Drive out to Echo Point; pay their rip off parking fees; visit the tourist info marketing extravaganza; go with all the Orientals and photograph the 3 Sisters – see pictures. Have an exotic lunch in the park and then drive around the cliff edge. Find some stunning look outs with much better views, free parking and pleasant places to sit and have a picnic. Brings back home the age old adage “The best things in life are free”. Awesome views.

Meanwhile some useless information. Why are the Blue Mountains blue?

The mountains and valleys are smothered in a blue haze that is produced by an effect called Rayleigh Scattering – named after Lord Raleigh an English physicist. It’s explanation of the blue haze is that the suns rays fall on dust particles and moisture in the air and so produce the colour blue. Well that’s all well and good but why aren’t all mountains blue? Apparently in the Blue Mountains, the abundance of eucalyptus trees mean there are also droplets of oil, and this, apparently intensifies the effect.

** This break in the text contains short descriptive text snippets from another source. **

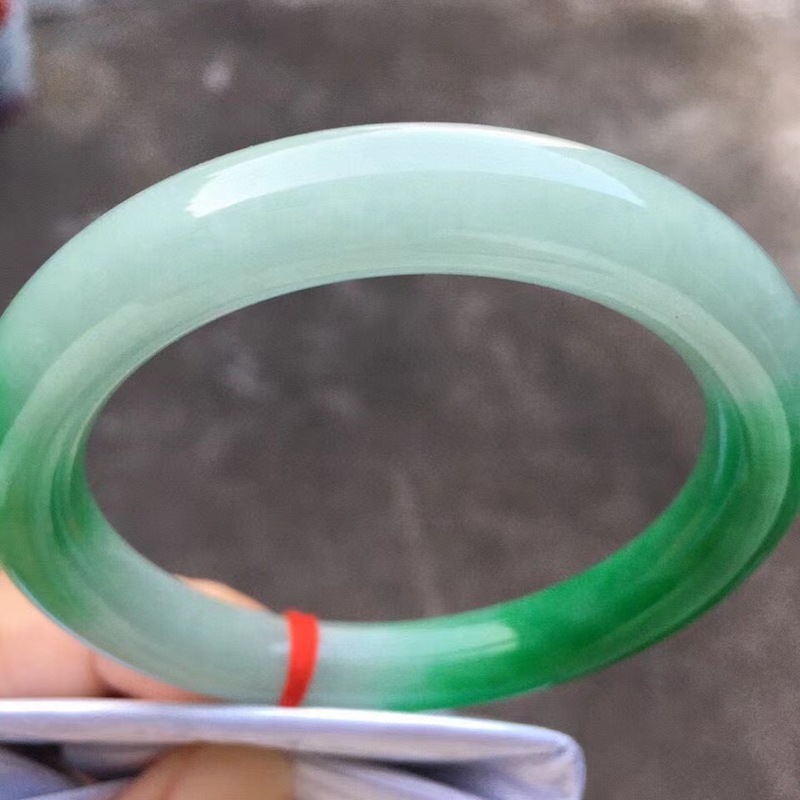 Pulseira de jade natural de My - Bracelets avaliação e preço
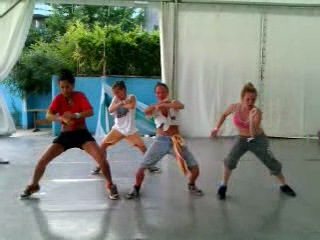 Dancehall danceville 2011 summer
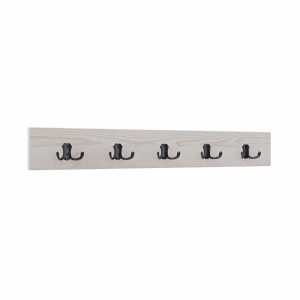 Wieszak łazienkowy - Sosna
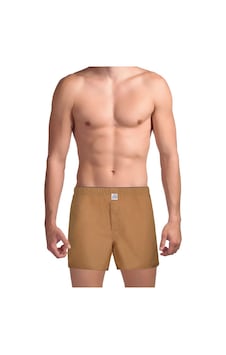 The Don Hardal Renk Poplin Erkek Boxer Beyaz The Don Hardal Renk Poplin Erkek Boxer Beyaz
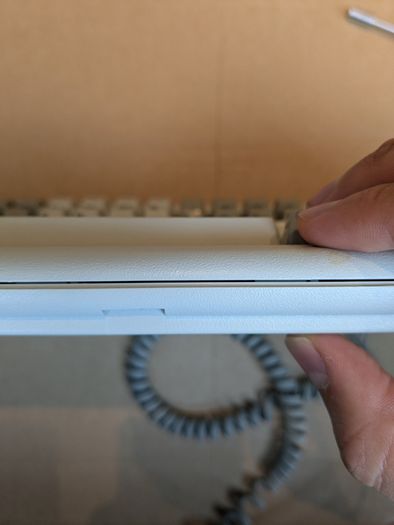 IBM Model M 122-key terminal keyboard BOLT MOD - ISO UK Layout (1394116)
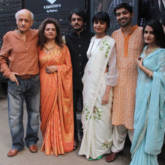 Mukesh Bhatt hosts a luncheon to celebrate daughter's engagement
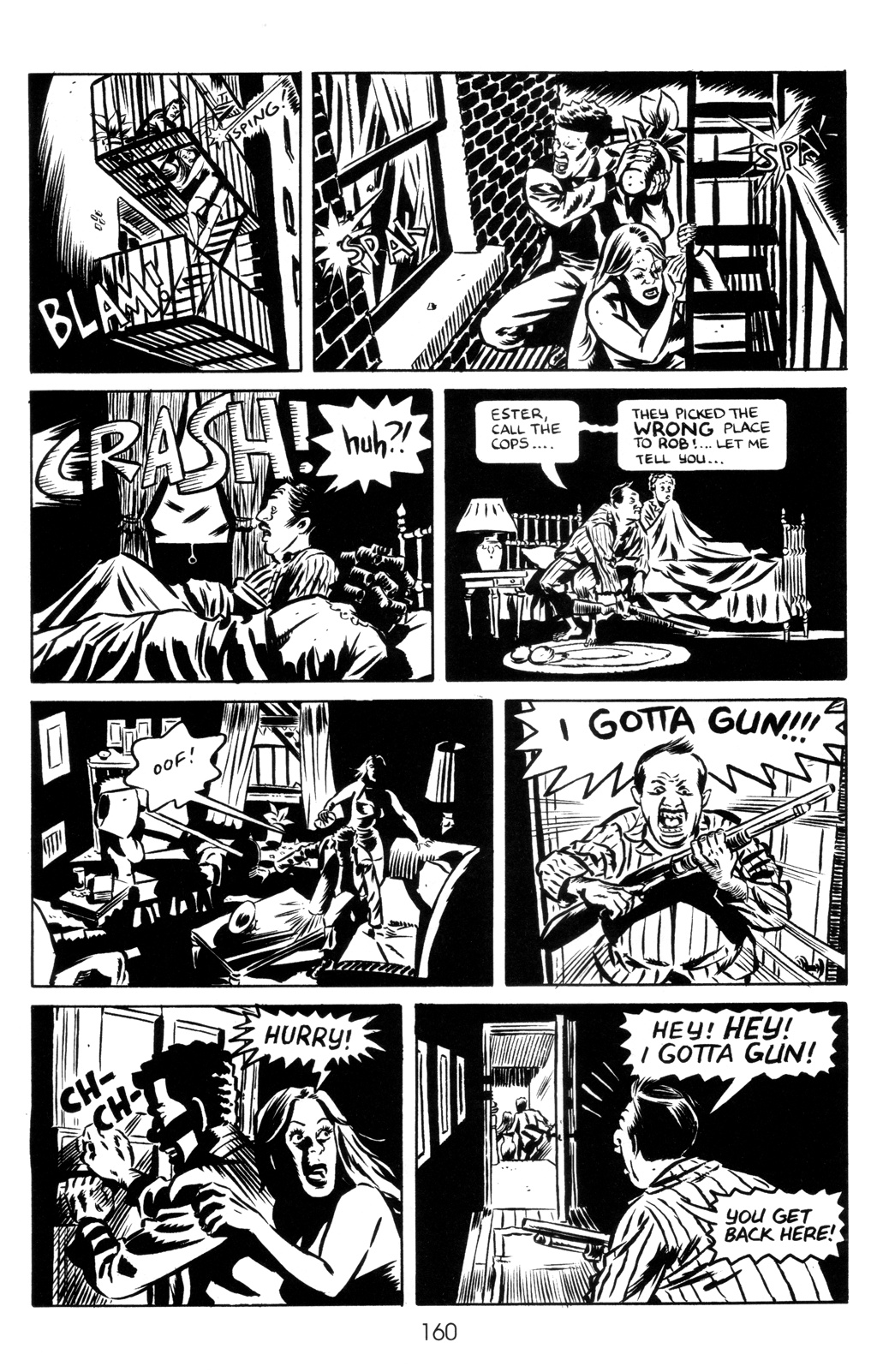 Read online Murder Me Dead comic -  Issue #8 - 20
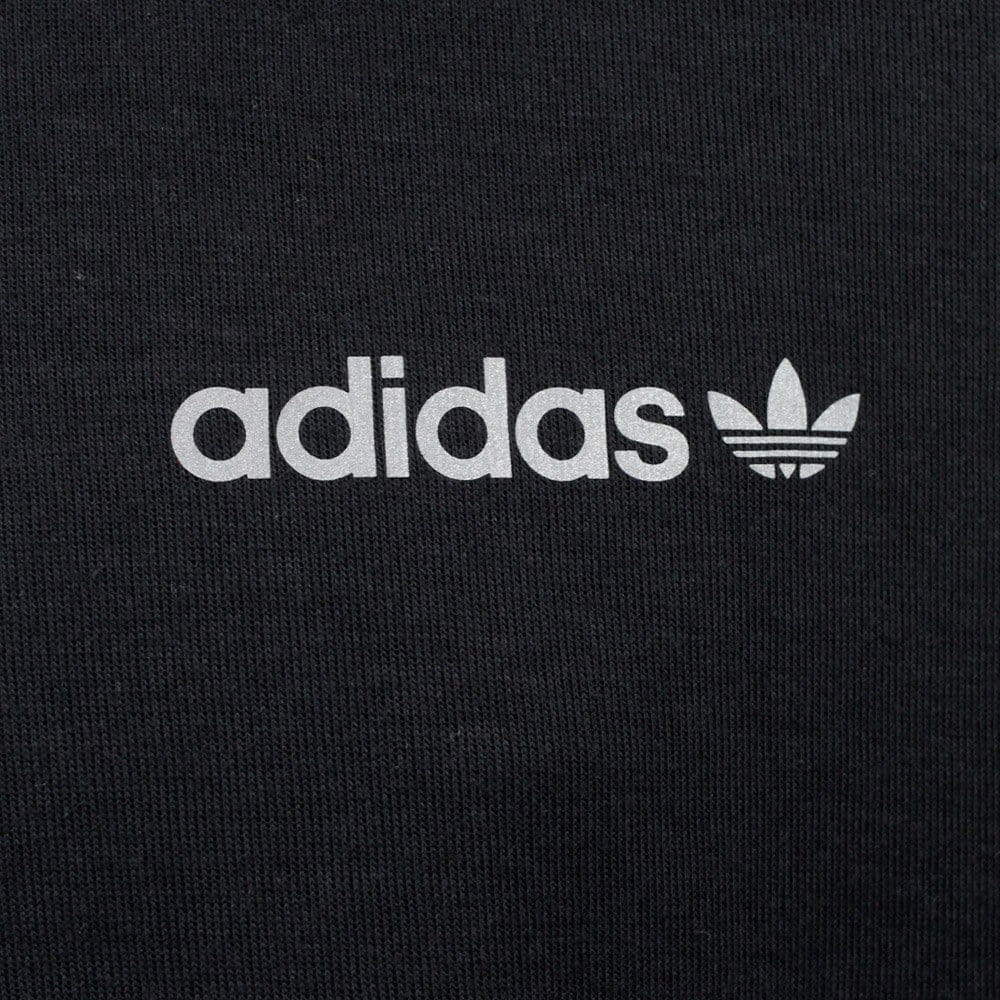 Adidas Originals Black Modern T-Shirt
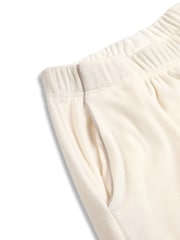 The Little Tailor Luxury Soft Touch Velour Christmas Pyjamas - Image 11 of 11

Hence the name, the Blue Mountains.

 

ImageAfter visiting the many vantage points we set off back. Call in at the food court in the Mall to pick up something for dinner. 

Meanwhile, as promised, I’m doing my bit for free speech and to desensitise these religious savages, the fundamentalists, yes you know who you are. Meet Muhammad, he lives around our pool and on a sunny day comes out to bask in the sun. On a really hot day he’s even been known to have a swim. If my blog had an International following, instead of a measly 3 (still look on the positive side that’s a 50% growth up on last year), I suppose some fruitcakes would throw their toys out of the pram; start a riot; demand I’m stoned to death on the steps of Blackburn Town hall; issue a Fatawa thingy, that’ll send me into hiding for the rest of my days; hold violent demonstrations in Blackburn’s cultural quarter – that’s an oxymoron if ever there was one. 

But perhaps their is hope for religion after all:

Malala Yousufzai Shooting: Islamic Scholars Condemn Taliban Attack

Two days after a Taliban-orchestrated attack on teen activist, Malala Yousafzai, triggered an uproar in Pakistan, more than 50 Islamic Scholars from the ‘Sunni Ittehad Council’ condemned the incident as unacceptable.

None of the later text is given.